Do you agree? Why is it boring? I think it's because you end up in a box with a flat ceiling, flat walls, and flat floors with no depth, texture, or unique shadow lines. It's ironic that there's plenty of depth and texture behind all that drywall, but we always cover it up. There's studs, plywood, columns, beams, etc, but we typically consider those items to be "rough framing" materials even though they can offer a lot of interest if not covered up by boring drywall. The problem is that normal studs and plywood for example ARE rough framing materials. In certain applications, these materials may be appropriate to celebrate instead of hide away. Fortunately, there are different options when it comes to rough framing materials. The studs come in different grades and appearances. If you are going to leave the studs exposed, you can spring for a nicer grade of wood that's straighter with nicer grain patterns and many different options of wood species. Instead of ordinary plywood, you could use a plywood with a nicer veneer of nearly any wood species you like. Alternatively, you could use tongue and groove boards (similar to flooring) instead of plywood. All of these items have so much more texture than drywall, but you may be wondering if it costs more. Well, it depends. Drywall is pretty cheap, but it does need cut, attached, taped, mudded, sanded, textured, and painted. The stud and plywood method needs none of that extra labor or material, so it can be cheaper. Studs and plywood are required regardless of your finish materials, but the difference is the quality of the studs and plywood if you choose to leave them exposed. You can spend a little more money on the grade of the studs and plywood to offset the money you're not spending on the boring drywall.

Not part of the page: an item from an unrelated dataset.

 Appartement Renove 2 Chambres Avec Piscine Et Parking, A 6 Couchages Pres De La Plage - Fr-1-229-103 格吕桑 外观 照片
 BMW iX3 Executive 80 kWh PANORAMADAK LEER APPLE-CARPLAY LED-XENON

Now you may be thinking about insulation. Where does it go if you're going for the honest look of leaving the framing exposed? Newer, more advanced construction methods, allow for insulation to be placed on the OUTSIDE. This is a great approach since the ordinary approach of putting insulation INSIDE the walls means your're leaving about 10% of your wall un-insulated. This is because you can only insulate the space between the studs, and the studs (which are about 10% of the wall) do not provide any substantial amount of insulation value. Additionally, typical insulation batts (the fluffy pink stuff we are used to seeing), will sag over time. This leaves the top part of the wall completely un-insulated, AND this is where most of the heat escapes your house in the winter since we all know from 4th grade science class that warm air rises. The thermal image below indicates hot and cool spots. Notice how the studs are visible as cold, and you can see the slumping of the insulation at the top of the wall.

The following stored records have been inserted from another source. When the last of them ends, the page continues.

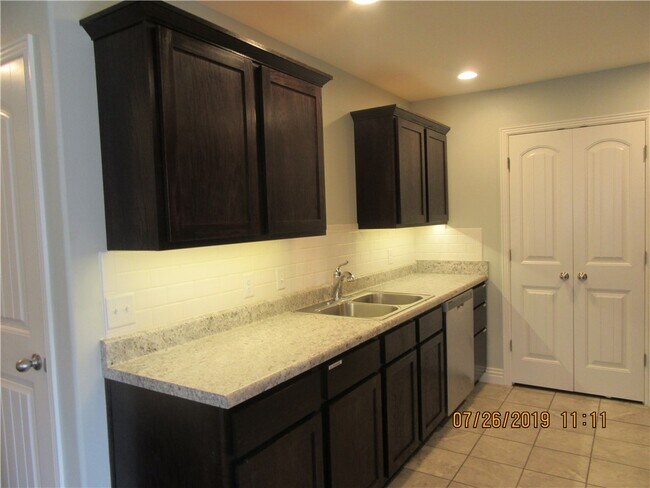 Building Photo - 1108 S Haden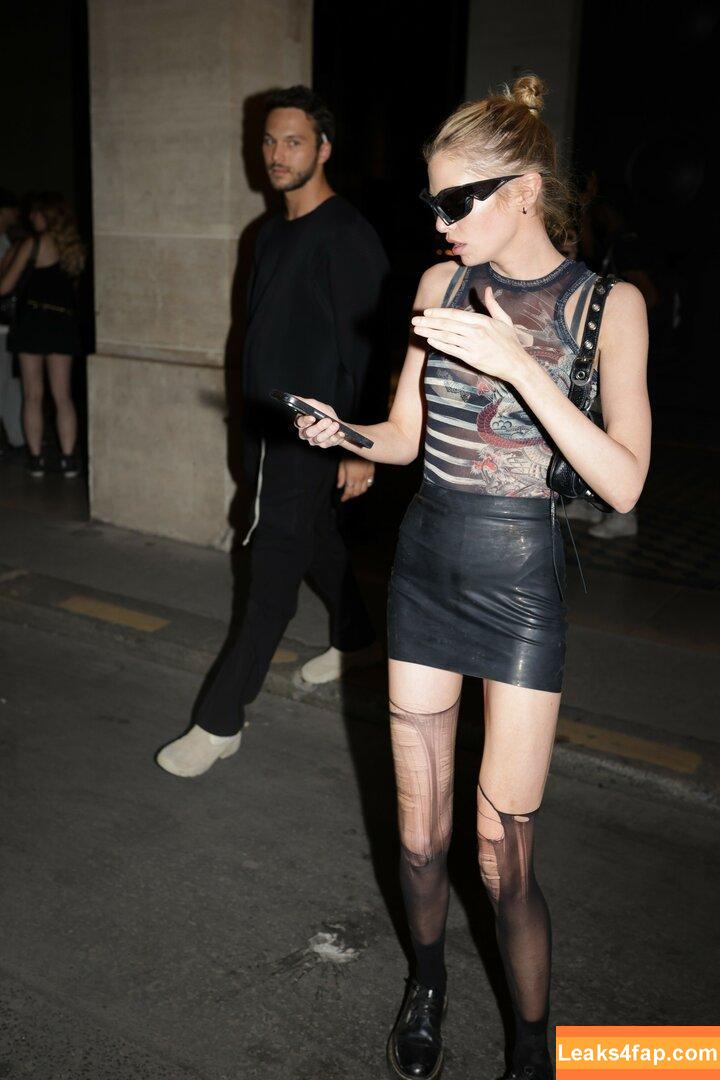 Stella Maxwell / stellamaxwell слитое фото фото #0225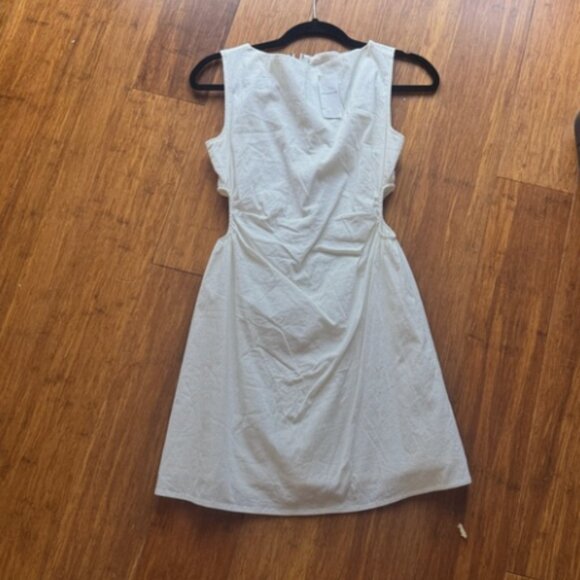 NWT abercrombie and fitch stretch cotton cutout mini dress - Picture 1 of 4
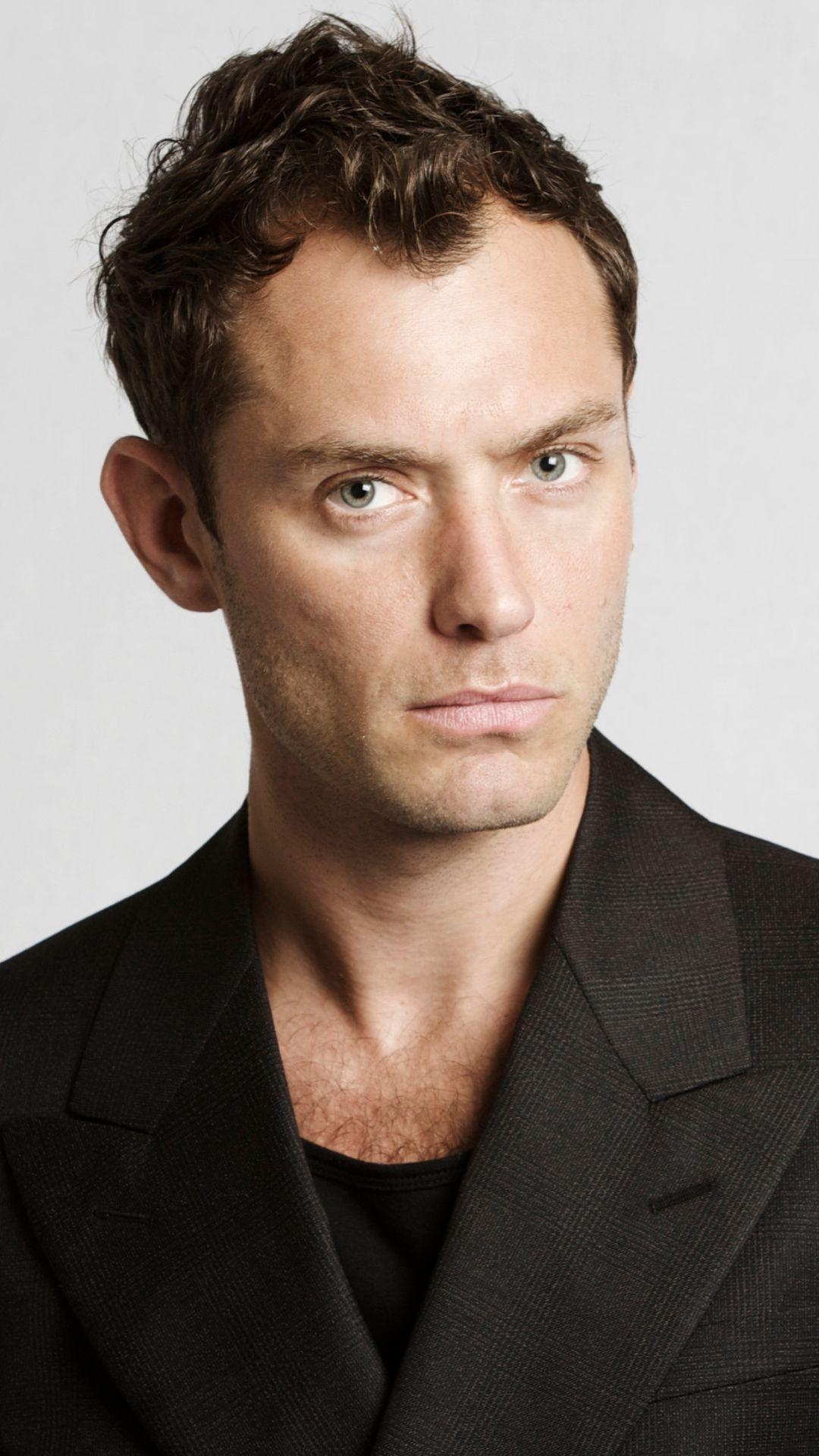 Jude Law, Handsome actor, Charming smile, Leading man, 1080x1920 Full HD Phone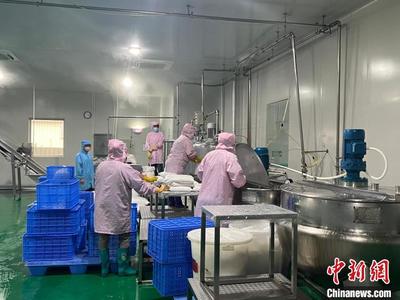鲜友的生产车间内,员工正在制作果汁产品。 路梅 摄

So how does insulating on the OUTSIDE help us? It's because we can use foam insulation boards that are continuous. This means there are no interfering studs which leave un-insulated strips every 16". The foam board also has a much higher insulation value than regular batt insulation, so it does not need to be as thick as usual. Polyisocyanurate foam boards (ok, say it out loud: Poly - Iso - Cyan - Urate) offer about double the insulation value, AND they are also impermeable to air and water infiltration when installed properly. This gives your house an air-tight seal, so you can really retain more of the heat indoors with less insulation since there's virtually no gaps left for heat to leak out. These foam boards also have a reflective coating to initially reflect the heat back indoors. Over top of the foam board, the next step is to add a strip called a nailer. This helps to hold the foam board against the wall while also provided a surface to nail the exterior siding. When nailing the exterior siding against the nailer, this leaves an air gap between the siding and insulation. I call this air gap a drain plane. Typical siding is nailed flat against a wall, and any leaks or condensation (like on the outside of a Corona bottle) gets trapped inside your wall. Since this moisture cannot escape easily, it starts to rot away the building and cause mold or mildew to occur. The drain plane prevents this. Water intrusion is inevitable, so we have learned over time to plan for it instead of ignoring it. Knowing the water will occur due to condensation since your house is warm inside and cool outside, we need to provide a way to evaporate the unwanted moisture. The drain plane allows for the airflow necessary to keep your wall dry, as well as to prevent a solid from touching a solid. In other words, siding is a solid material, and so is plywood sheathing. We also learned in 4th grade science class that heat is retained and travels more easily through solids than liquids or gases. By putting an air space between the siding and plywood sheathing, the heat cannot magically jump across from the solid plywood to the solid siding. There's a lot of dynamics at play here. This approach can work with any type of siding - inside or out.
So maybe you're not into the honest look of leaving your studs and plywood exposed. It's not appropriate for every situation. This means you're back to studs covered with drywall. Rather than finishing the drywall, it can be used as the underlayment for almost any building material. The cost of finishing/painting drywall is relatively inexpensive, so there's typically not a savings to cover the drywall (or backer board) with marble, tile, wood panels, metal panels, stone, translucent glass, etc. The added cost will result in a better result that gives you a durable material that functions well in your space, and that added cost can be strategically allocated to specific areas that require that added functionality. My approach to architecture involves finding those special spaces with special requirements, grouping them, and specifying the appropriate material to enable that special space to function as best as possible. (Form follows function).
Drywall is a conservative solution. Live a little.